How Both TCP and Ethernet Checksums Fail
Evan Jones (via Hacker News):
At Twitter, a team had a unusual failure where corrupt data ended up in memcache. The root cause appears to have been a switch that was corrupting packets. Most packets were being dropped and the throughput was much lower than normal, but some were still making it through. The hypothesis is that occasionally the corrupt packets had valid TCP and Ethernet checksums. One "lucky" packet stored corrupt data in memcache. Even after the switch was replaced, the errors continued until the cache was cleared.
I was very excited to hear about this error, because it is a real-world example of something I wrote about seven years ago: The TCP checksum is weak. However, the Ethernet CRC is strong, so how could a corrupt packet pass both checks? The answer is that the Ethernet CRC is recalculated by switches. If the switch corrupts the packet and it has the same TCP checksum, the hardware blindly recalculates a new, valid Ethernet CRC when it goes out.
1 Comment RSS · Twitter
There is an RFC that compares different checksumming algorithms which was written when iSCSI was being finalized (~2002):
In this memo, we attempt to give some estimates for the probability
of undetected errors to facilitate the selection of an error
detection code for the Internet Protocol Small Computer System
Interface (iSCSI).We will also attempt to compare Cyclic Redundancy Checks (CRCs) with
other checksum forms (e.g., Fletcher, Adler, weighted checksums), as
permitted by available data.
https://tools.ietf.org/html/rfc3385
Another interesting RFC is how the checksum was changed after SCTP was supposedly “finalized”, but before it became wide spread (relatively speaking, as it’s not really used a lot):
Stream Control Transmission Protocol (SCTP) currently uses an Adler-
32 checksum. For small packets Adler-32 provides weak detection of
errors. This document changes that checksum and updates SCTP to use
a 32 bit CRC checksum.
https://tools.ietf.org/html/rfc3309
They went from Adler-32 to CRC-32c. iSCSI can negotiate the algorithm, but CRC-32c is a MUST in the base RFC.
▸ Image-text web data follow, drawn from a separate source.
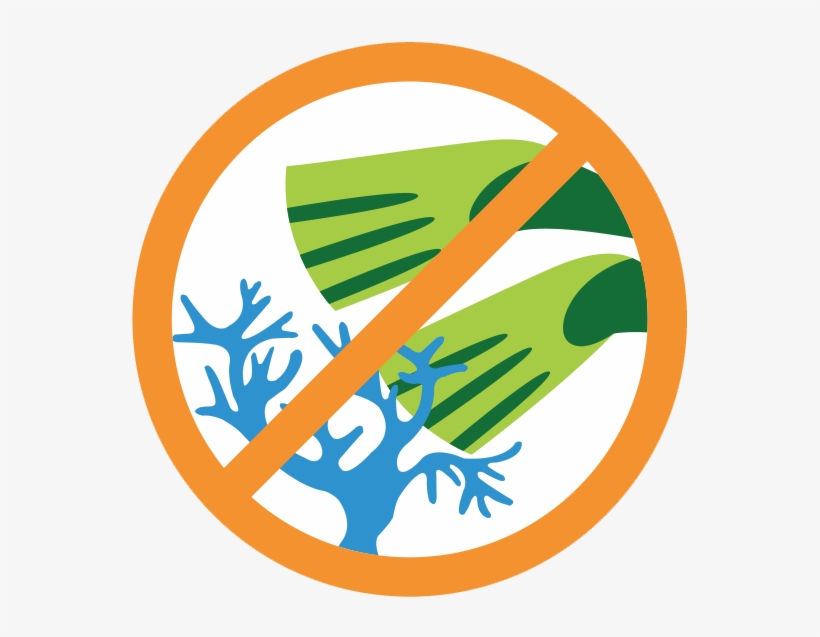 No Stepping On Coral - Don T Touch The Coral, transparent png #347410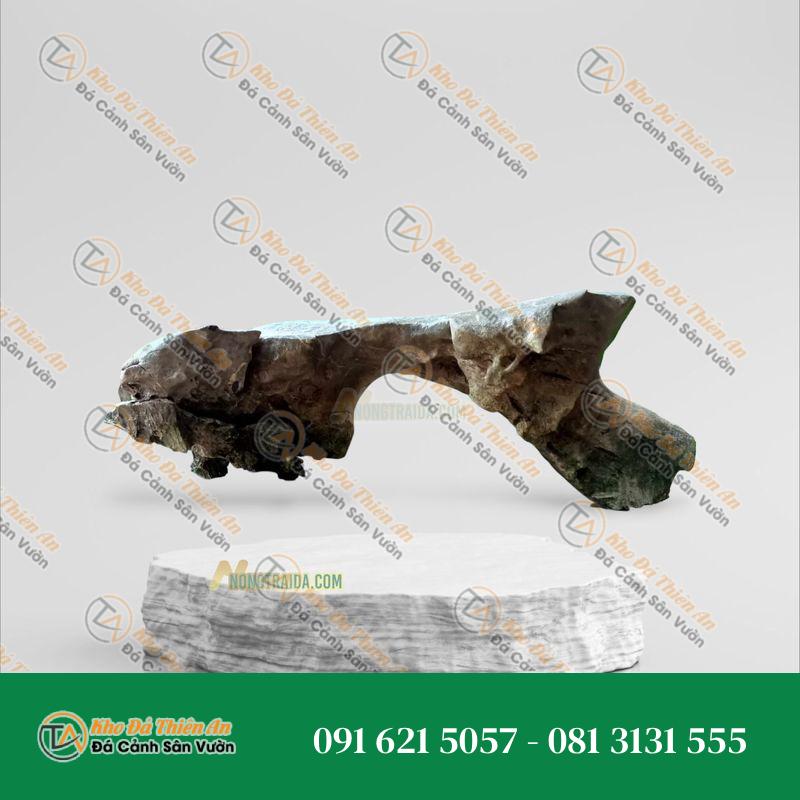 Đá tai mèo thuỷ sinh 57cm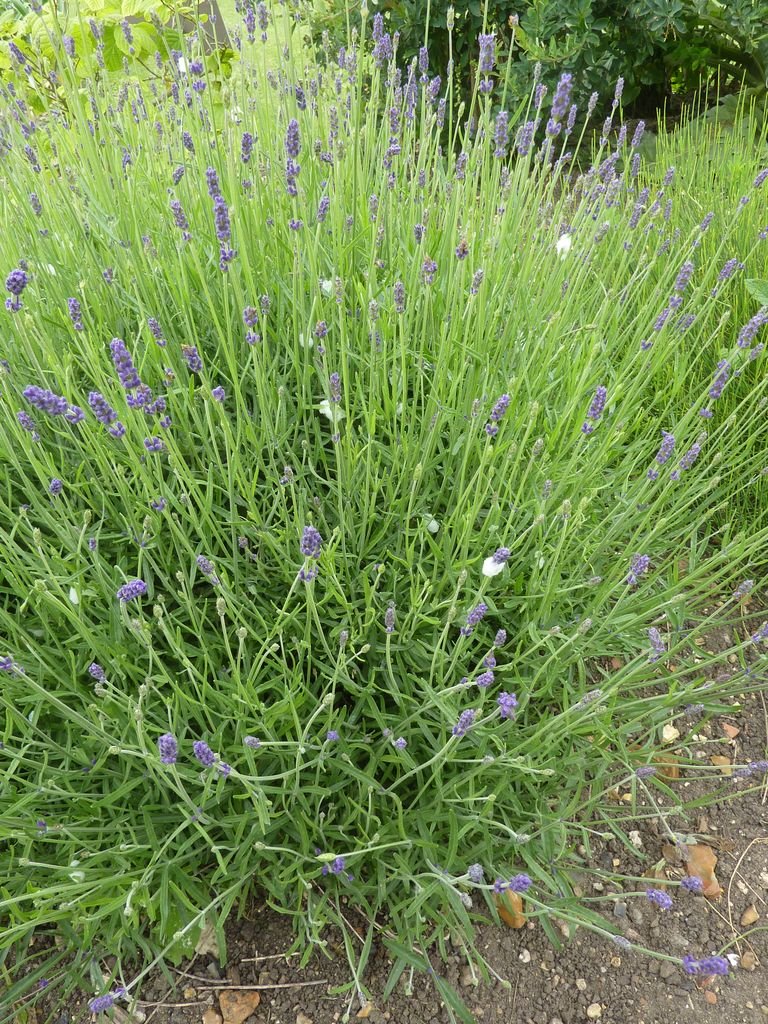 Como plantar Alfazema 'Hidcote' (Lavandula angustifolia 'Hidcote')_1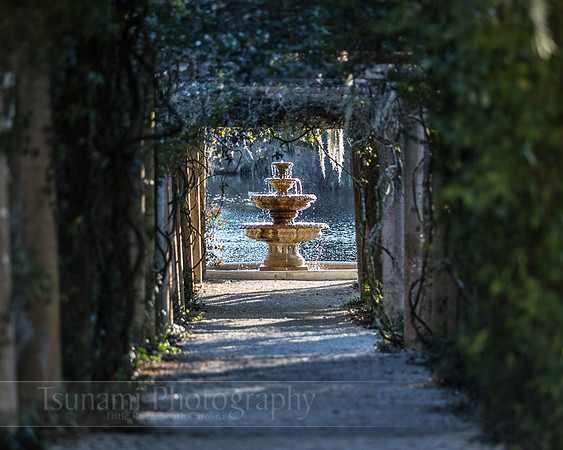 LK_20150131_0406-sm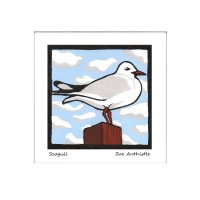 seagull2
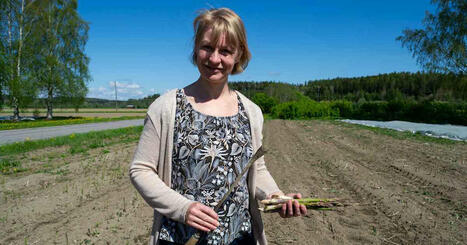 Sparrisen har blivit mer populär – odlaren Annika Wickström slår ett slag för enkelheten i köket | Östnyland | 1Uutiset - Lukemisen tähden | Scoop.it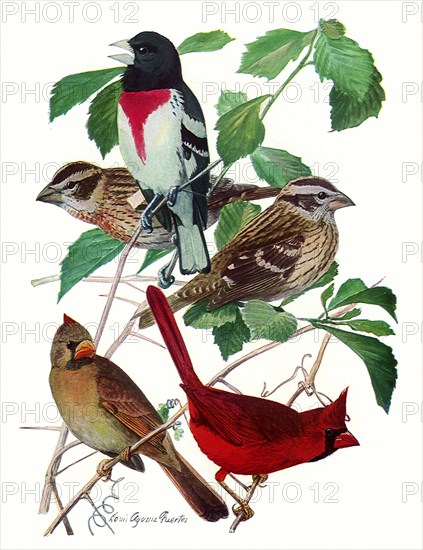 Grossbeaks, Cardinals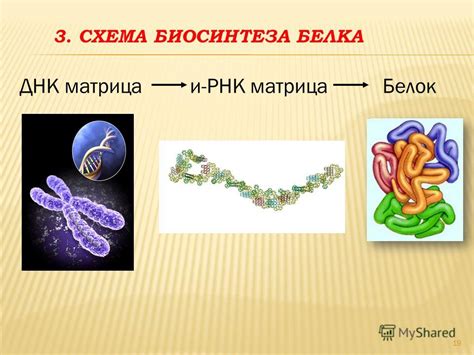 Значение синтеза белка для организма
Back in 2004 Koopman and Chakravarty did a survey for use in embedded networks:
Moreover, even if a good published polynomial is available, there is generally no published guidance on what range of data word lengths it is good for nor, for that matter, quantitative data to help dis- tinguish that good polynomial from any competing pub- lished or standardized “bad” polynomials.
This paper presents the first exhaustive survey of all CRC polynomials from 3 bits to 15 bits, and discusses 16-bit polynomials as well. A methodology for selecting generically “good” CRC polynomials is based on achiev- ing maximum Hamming Distance for the longest possible data word sizes and other performance considerations.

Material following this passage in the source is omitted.